The amendment garnered 51 votes, nine shy of the 60 required to reach cloture and consider the amendment.

Forty five Democrats but only six Republicans voted for the tax credit amendment. Analysts point to the reasons why the GOP Senators fell off the wagon.

CONSERVATIVE PUSHBACK
Five conservative groups, including the Club for Growth and Americans for Prosperity, sent a letter to each U.S. Senator opposing the amendment on free market and fiscal conservatism grounds, just as Pickens had predicted they would do in the Arkansas Trucking Association interview three weeks before.
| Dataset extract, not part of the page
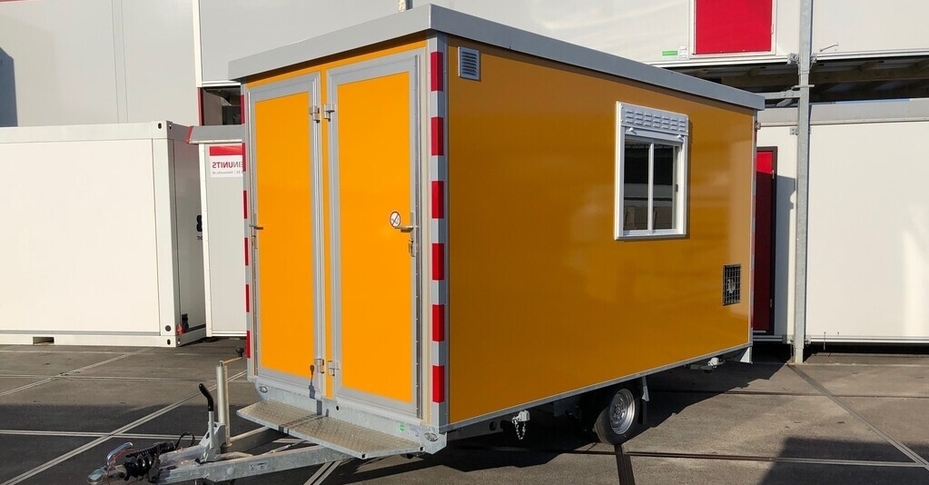 214Toilettenwagen DHT-500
But Pickens thinks it’s time Washington politicians stopped catering to lobbyists and foreign oil interests. He has put his stake on the U.S. trucking industry to help make his plan work, an industry not often known for leading dramatic political changes.

If trucking hedges, Pickens’s best efforts could fall short, edged out by a stout group of politicians, conservative think tanks and big oil, all of which prefer the status quo, for various reasons, but with money being the primary driver. Pickens is convinced trucking executives will join him, and foster the needed change in public policy that will take America away from its dependence on foreign oil.

There are positive signs trucking and its engine suppliers want to join Pickens. But time will tell. Either way, the trucking industry will play a pivotal role in deciding if the United States finally adopts an independent energy policy that Boone Pickens has worked so long to achieve. That’s a legacy the U.S. trucking industry should relish.